In particular, I'm taking all the code from the file `word2vec_basic` that was being run as a script and putting it here, or I have rolled it in to other helper functions that I import. I tried to put the most relevant lines here so it was clear what the essential elements are.

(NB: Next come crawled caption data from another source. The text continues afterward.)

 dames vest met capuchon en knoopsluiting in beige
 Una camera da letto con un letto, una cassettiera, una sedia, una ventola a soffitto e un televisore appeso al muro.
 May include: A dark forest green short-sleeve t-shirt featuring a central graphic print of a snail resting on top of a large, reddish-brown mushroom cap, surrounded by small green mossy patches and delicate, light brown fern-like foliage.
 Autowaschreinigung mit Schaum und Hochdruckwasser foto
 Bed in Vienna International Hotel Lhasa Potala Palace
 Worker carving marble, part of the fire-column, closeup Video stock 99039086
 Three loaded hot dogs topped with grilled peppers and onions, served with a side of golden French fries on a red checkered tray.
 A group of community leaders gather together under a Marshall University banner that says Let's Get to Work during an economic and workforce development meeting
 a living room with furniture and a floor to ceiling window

In the script `word2vec_basic.py`, I have put all these into a function called `run_word2vec()`.

In [6]:
from word2vec_basic import (
    maybe_download, read_data, build_dataset, generate_batch, run_word2vec
)

In [13]:
#filename = maybe_download('text8.zip', 31344016)

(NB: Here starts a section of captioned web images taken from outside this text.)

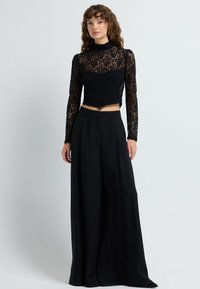 Mustapitsi crop-top, jossa on pitkät hihat, korkea kaulus ja monimutkaiset kuviot, yhdistettynä leveälahkeisiin mustiin housuihin.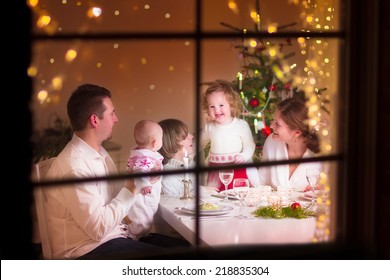 Young Big Family Celebrating Christmas Enjoying Dinner, View From Outside Through A Window Into A Decorated Living Room With Tree And Candle Lights, Happy Parents Eating With Three Kids 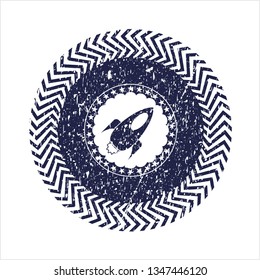 Blue rocket icon inside rubber stamp with grunge texture
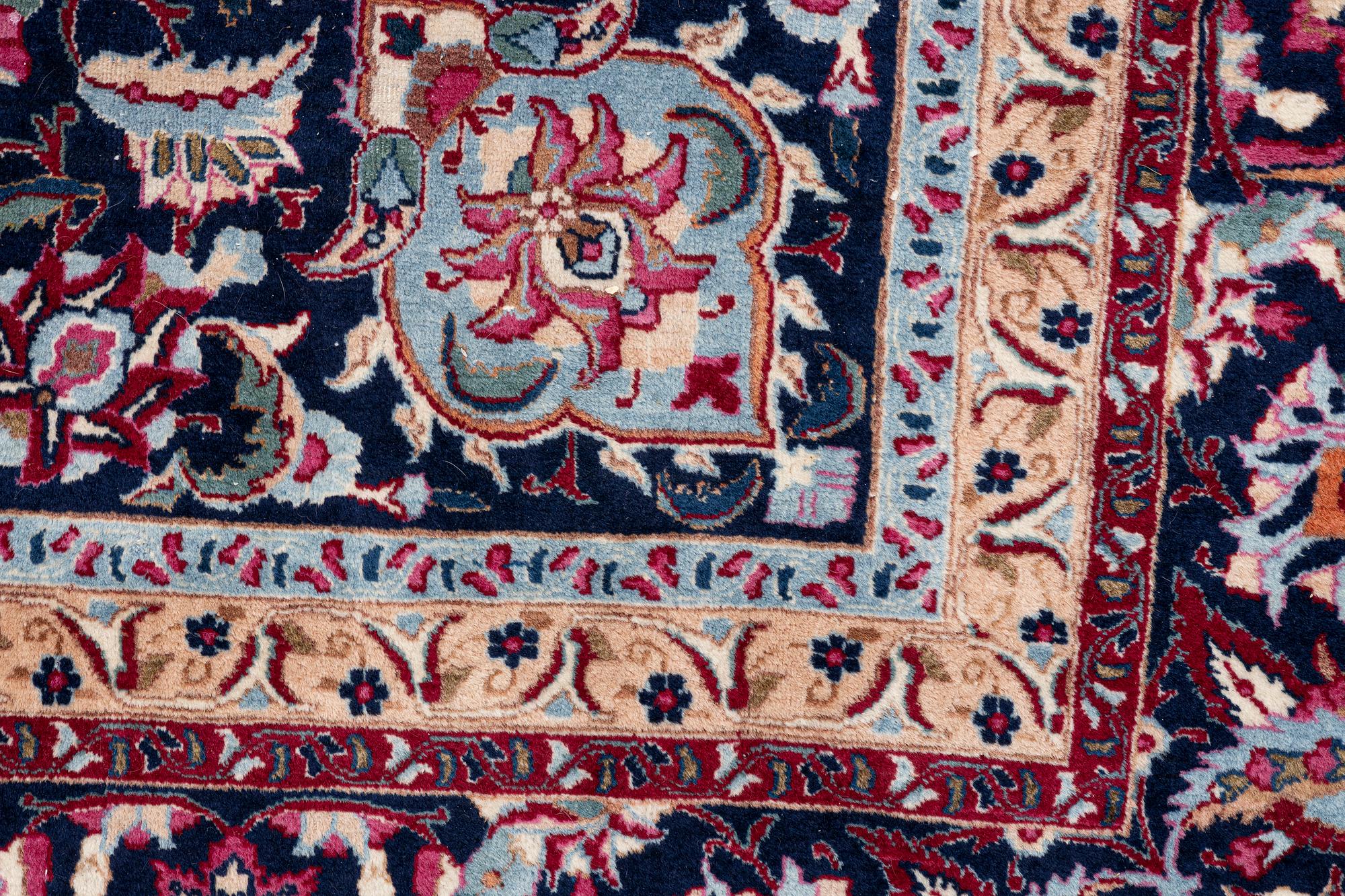 A oriental carpet, c. 375 x 290 cm.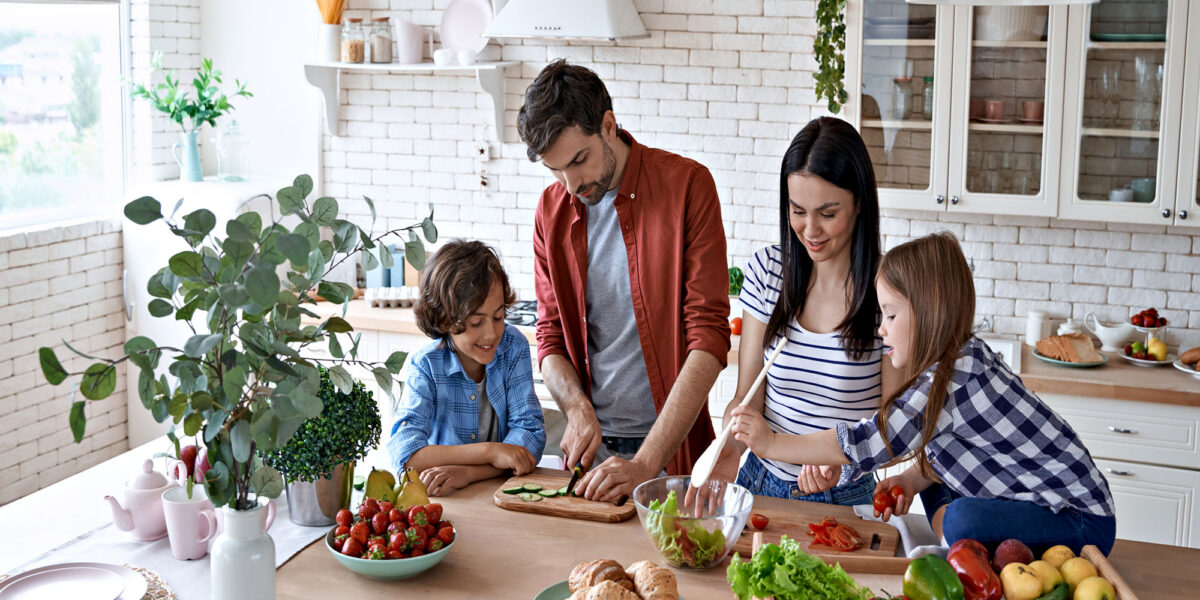 Family cooking together in a bright kitchen with fresh ingredients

vocabulary = read_data('text8.zip')

In [14]:
vocabulary_size = 50000

data, count, dictionary, reverse_dictionary = build_dataset(
    vocabulary, vocabulary_size
)
print(type(data))
del vocabulary

data_index = 0

<class 'list'>


In [9]:
BATCH_SIZE = 20
batch, labels = generate_batch(data, count, dictionary, reverse_dictionary, batch_size=20, num_skips=2, skip_window=1)

In [10]:
# arrows indicate "in context of"
# Although BATCH_SIZE is 20, there are only 10 focal words (what is 
# correct tech term for these?), each with a window of one word on each
# side.
for i in range(BATCH_SIZE):
    print(batch[i], reverse_dictionary[batch[i]], '->', labels[i, 0],
          reverse_dictionary[labels[i, 0]])

3081 originated -> 12 as
3081 originated -> 5234 anarchism
12 as -> 3081 originated
12 as -> 6 a
6 a -> 12 as
6 a -> 195 term
195 term -> 6 a
195 term -> 2 of
2 of -> 3134 abuse
2 of -> 195 term
3134 abuse -> 46 first
3134 abuse -> 2 of
46 first -> 59 used
46 first -> 3134 abuse
59 used -> 46 first
59 used -> 156 against
156 against -> 128 early
156 against -> 59 used
128 early -> 156 against
128 early -> 742 working


In [7]:
run_word2vec(data, count, dictionary, reverse_dictionary, vocabulary_size)

Initialized
Average loss at step  0 :  280.573486328
Nearest to known: generalship, bk, karim, apologists, pangloss, parks, jacobian, raining,
Nearest to often: strongly, coa, ironworks, permit, basketball, dieu, integer, expressway,
Nearest to six: amiga, ordo, adaptations, multiracial, believer, riffing, roxy, nawab,
Nearest to it: killed, aa, audi, pizzicato, seclusion, illustrate, reminds, reworked,
Nearest to american: cried, circuit, showings, paullus, flush, playoff, foresee, hindustani,
Nearest to such: pores, eyeglasses, yuan, unveils, boycott, imprisoned, heard, unfettered,
Nearest to is: epr, valleys, sofa, conjugal, bornu, chainmail, rough, verdict,
Nearest to an: eff, erm, simultaneity, bag, leopard, exchanged, deconstruction, dal,
Nearest to d: consequently, implemented, nightmarish, laziness, chipmunk, lucie, viewing, cnt,
Nearest to state: headers, ago, sfg, naxos, naci, oblivion, ataxia, gul,
Nearest to two: wt, cpu, electorate, tarkovsky, mina, continuity, mccartney, 

Average loss at step  52000 :  0.95212925604
Average loss at step  54000 :  0.950097527623
Average loss at step  56000 :  0.938702977329
Average loss at step  58000 :  0.94018282935
Average loss at step  60000 :  0.94024964264
Nearest to known: generalship, bk, karim, apologists, pangloss, parks, jacobian, raining,
Nearest to often: strongly, coa, ironworks, permit, basketball, dieu, integer, expressway,
Nearest to six: amiga, ordo, adaptations, multiracial, believer, riffing, roxy, nawab,
Nearest to it: taken, used, working, of, the, class, a, has,
Nearest to american: cried, circuit, showings, paullus, flush, playoff, foresee, hindustani,
Nearest to such: pores, eyeglasses, yuan, unveils, boycott, imprisoned, heard, unfettered,
Nearest to is: a, has, valleys, label, still, of, the, act,
Nearest to an: eff, erm, simultaneity, bag, leopard, exchanged, deconstruction, dal,
Nearest to d: consequently, implemented, nightmarish, laziness, chipmunk, lucie, viewing, cnt,
Nearest to state: he

OK, great, so we broke the script into slightly smaller pieces. But this is a little too much, still. I'd like to have this be like Bhat's lecture ipynbs, or the other tutorial nbs, where different elements of the graph are computed at different times. Before this, I want to build out the project infrastructure a bit more.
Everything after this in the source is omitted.